I have two identical lightbulbs, each is an IID exponential random variables with mean 1000 hours.
- How long does it take for the first bulb to burn out, on average?
- For the second to burn out, on average?
- Instead of using both of them simultaneously, I replace the first one after it burns out with the second out. How long on average until the second bulb burn out?
My Solutions
- $P(X > 1000) = e^{-\lambda t} = 0.368$
- $P(X + Y > 1000) = e^{-\lambda t}(1+\lambda t)$
- I don't know how to do this one, I'm thinking about Poisson but can't think of a way to set it up
Best Answer
Say we call our two bulb lifetimes $X$ and $Y$ and assume they are independent and identically distributed.
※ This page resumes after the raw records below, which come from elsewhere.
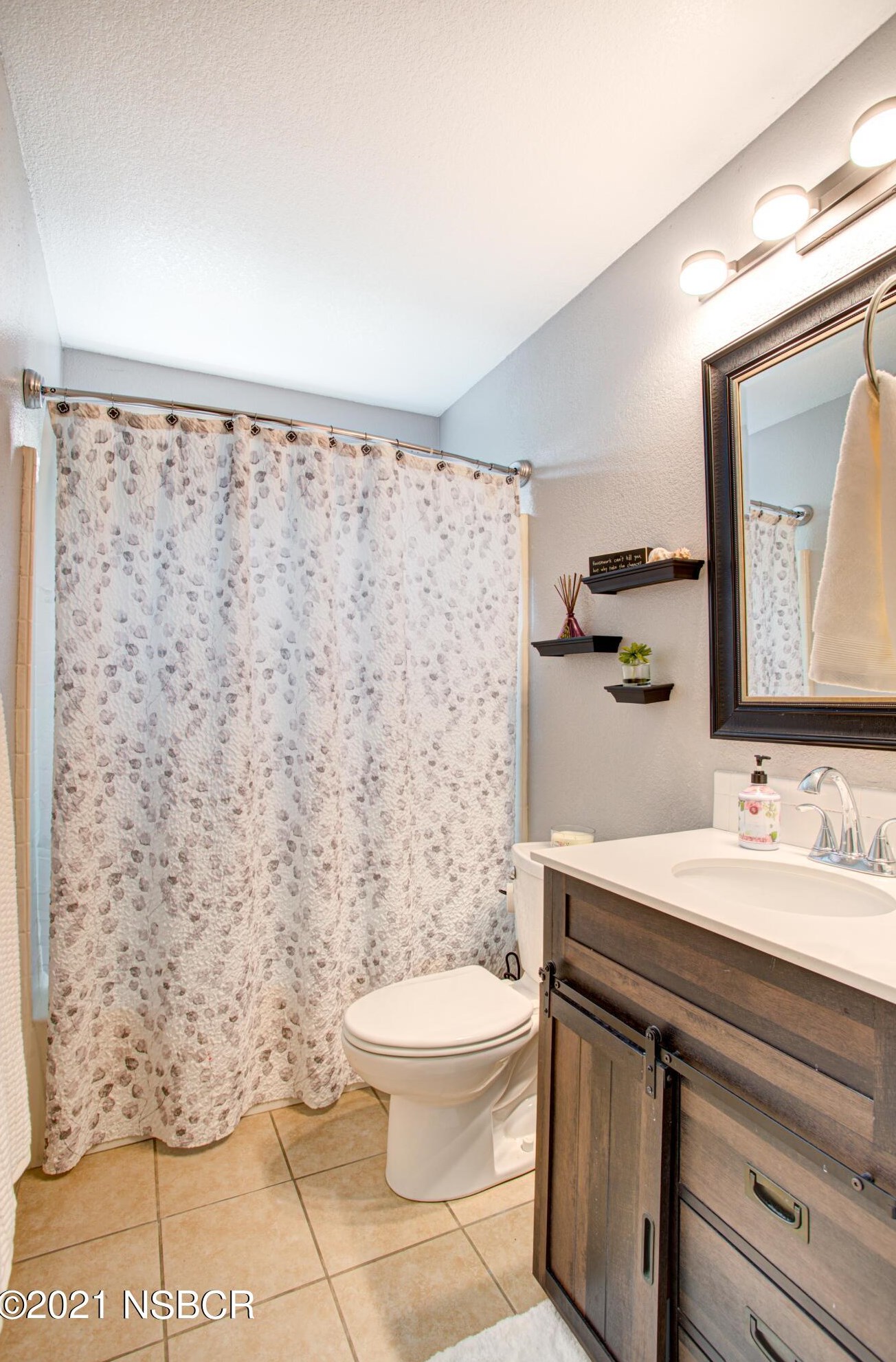 1336 Jason Dr, Lompoc CA 93436-8229 exterior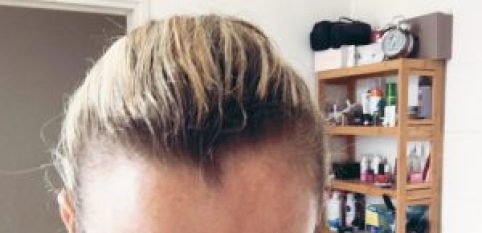 Qu'est-ce qu'un décollement de racines chez le coiffeur ?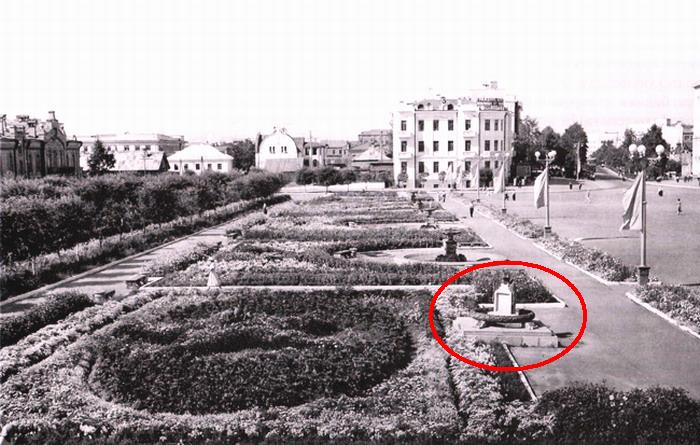 Площадь Сталина 1952 г., после реконструкции с памятником воинам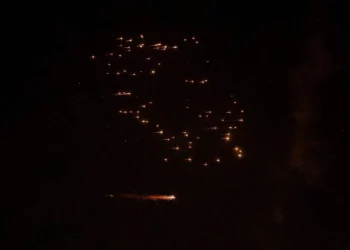 Irán admite ataque con misiles de ojivas múltiples contra Israel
That the distributions of the lifetimes of light bulbs are memoryless does not seem plausible to me, but I'll play along.
We have $\Pr(X>x) = e^{-x/1000} = \Pr(Y>x)$.
So \begin{align} & \Pr(\min\{X,Y\} > x) = \Pr(X>x\ \&\ Y>x) = \Pr(X>x)\cdot\Pr(Y>x) \\[10pt] = {} & \Big( e^{-x/1000}\Big)^2 = e^{-x/500}. \end{align} This is an exponential distribution with expected value $500$, so that's how long it is on average until the first bulb burns out.
The average time until they have both burned out is $\operatorname{E}(\max\{X,Y\})$. We have
\begin{align} & \Pr(\max < x) = \Pr(X<x\ \&\ Y<x) = \Pr(X<x) \cdot \Pr(Y<x) \\[10pt] = {} & (1-e^{-x/1000})^2 = 1 - 2e^{-x/1000} + e^{-x/500} \end{align} So the density function is $$ f_{\max} (x) = \frac d {dx} \left( 1 - 2e^{-x/1000} + e^{-x/500} \right) = 2\cdot\frac 1 {1000} e^{-x/1000} - \frac 1 {500} e^{-x/500} \text{ for } x>0. $$ Since this density is $2$ times the density of an exponential distribution with mean $1000$ minus an exponential distribution with mean $500$, we get \begin{align} & \int_0^\infty x f_{\max}(x)\,dx \\[10pt] = {} & 2\int_0^\infty x\cdot(\text{that first density})\,dx - \int_0^\infty x\cdot(\text{that second density}) \,dx \\[10pt] = {} & 2\cdot1000 - 500 = 1500. \end{align}
The answer to the third question is merely the sum of the two averages: $1000+1000=2000$.